*Prompt*.
Nothing but the lines from the one containing "中国乐谱网——【胡琴谱】红星照我去战斗" through the last line of the data below should be returned, each exactly as it stands, pictures excluded.
####################
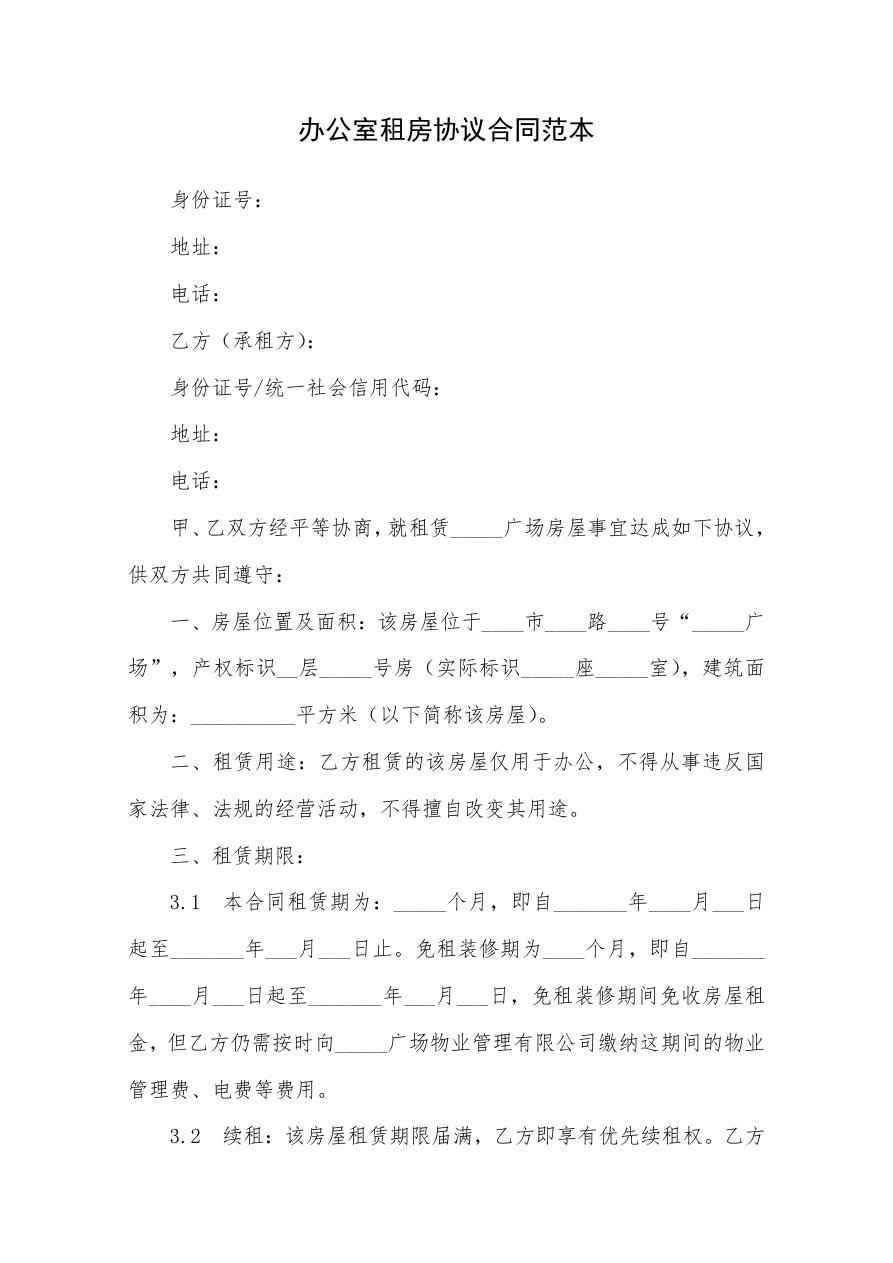 办公室租房协议合同范本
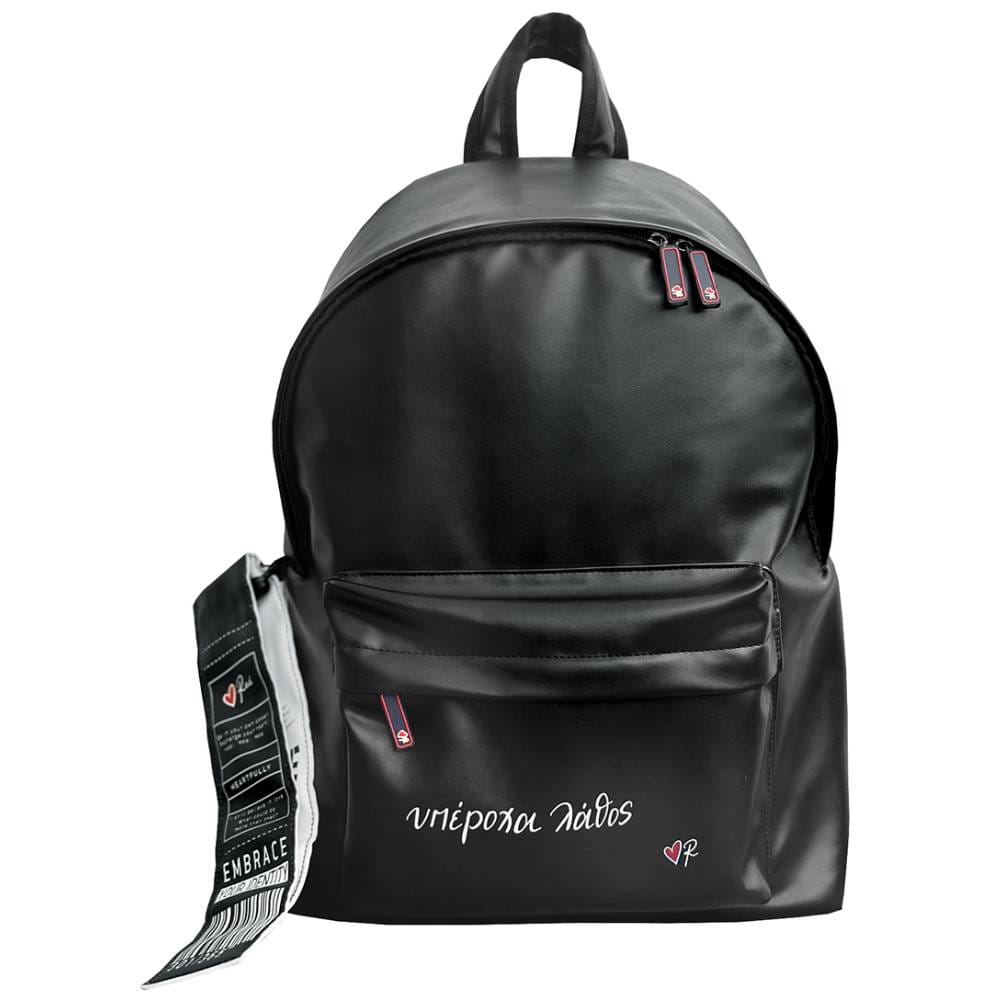 tsanta mavri rene Τσάντα πλάτης μαύρη/Υπέροχα λάθος - Ρενέ 5 - Image 1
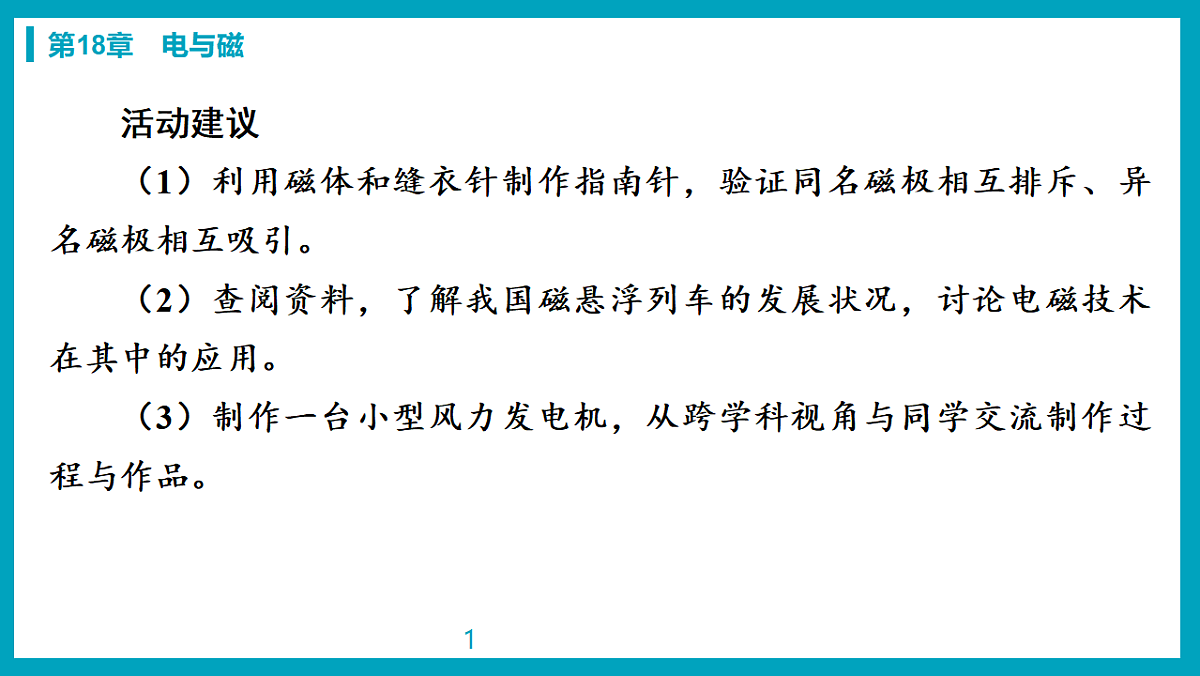 17738484第4页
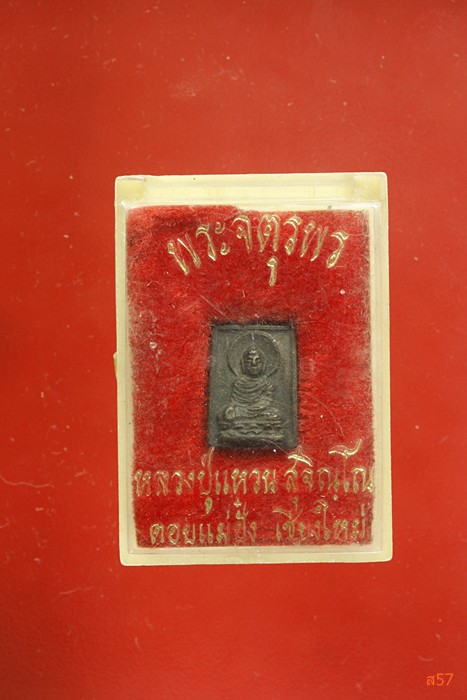 เหรียญจตุพร หลวงปู่แหวน วัดดอยแม่ปั๋ง ปี 2517  มีกล่องเดิม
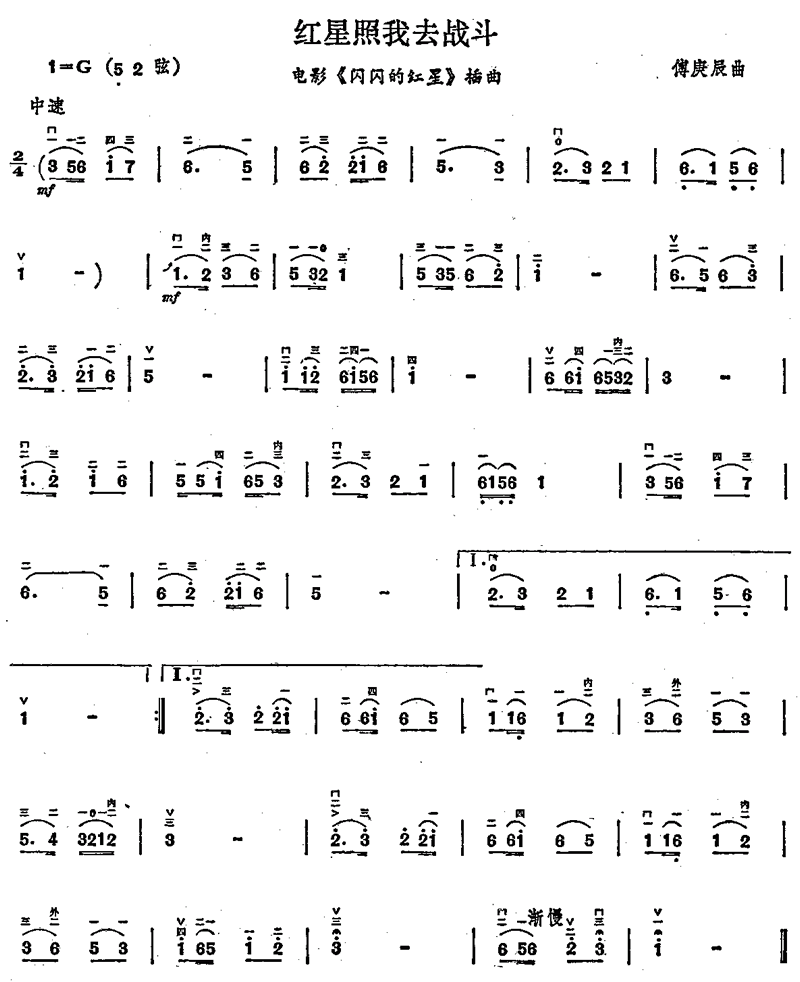 中国乐谱网——【胡琴谱】红星照我去战斗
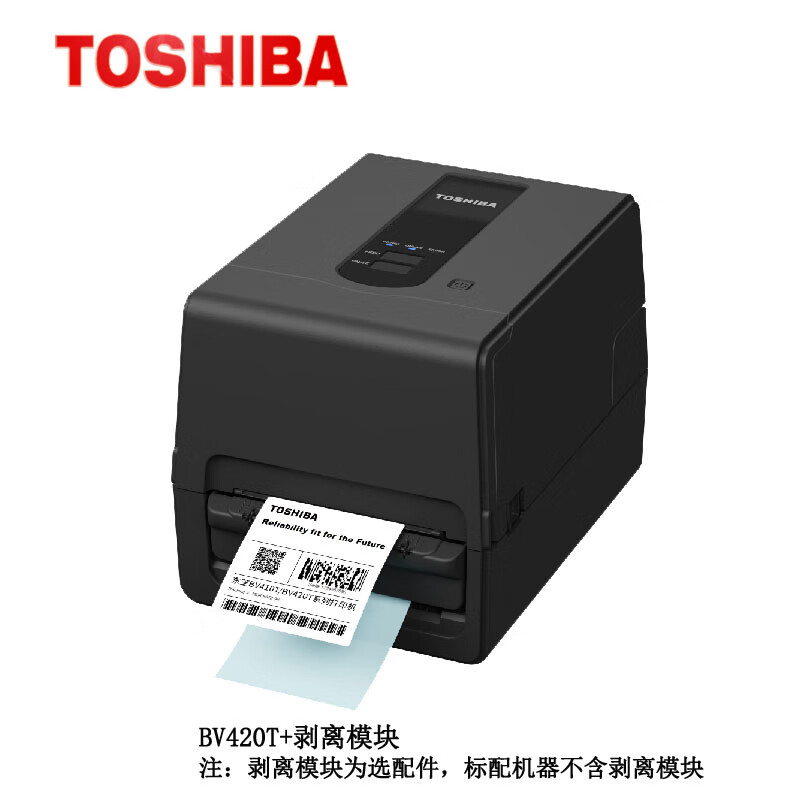 东芝 TOSHIBA BV420T-GS 桌面型条码打印机 计价单位:台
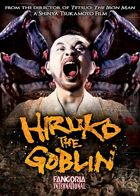 Hiruko the Gobelin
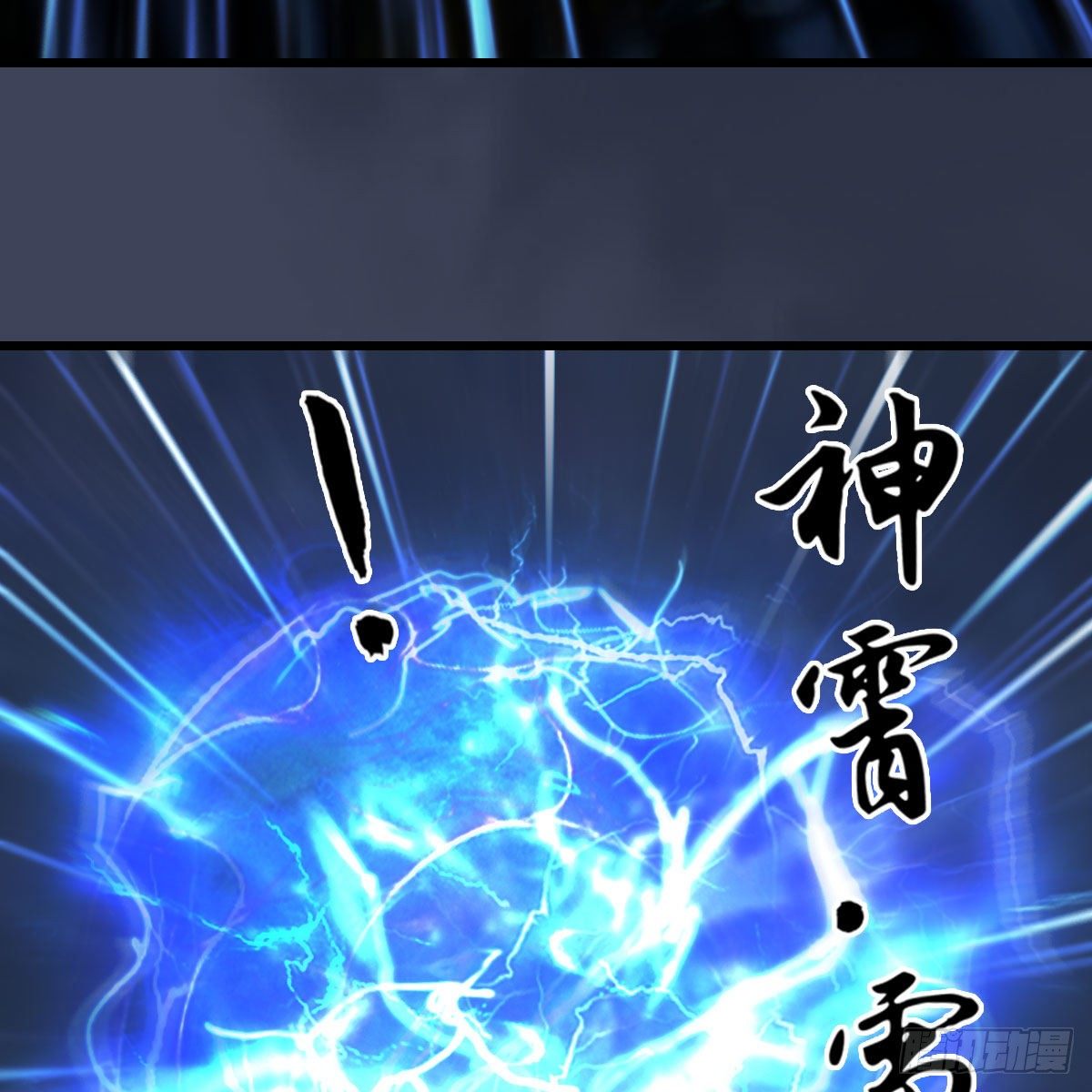 第596话：闭小月的威慑力63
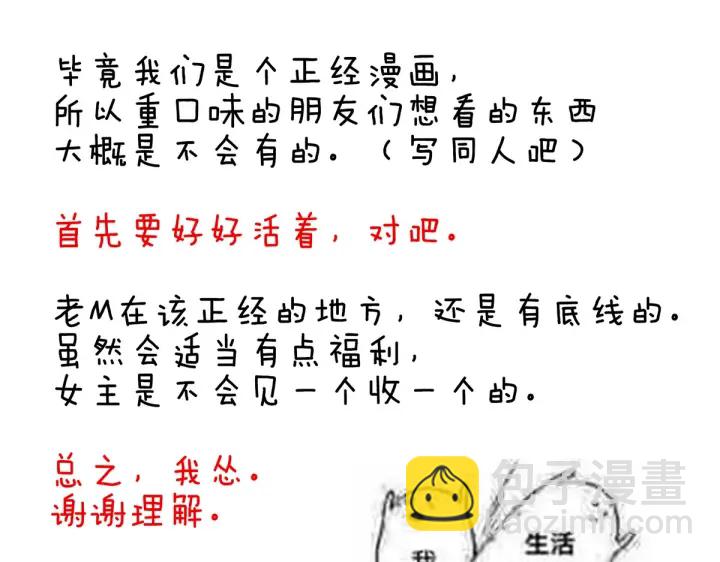 第216话 在身上留下印记147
####################
*Exercise answer*.
 中国乐谱网——【胡琴谱】红星照我去战斗
 东芝 TOSHIBA BV420T-GS 桌面型条码打印机 计价单位:台
 Hiruko the Gobelin
 第596话：闭小月的威慑力63
 第216话 在身上留下印记147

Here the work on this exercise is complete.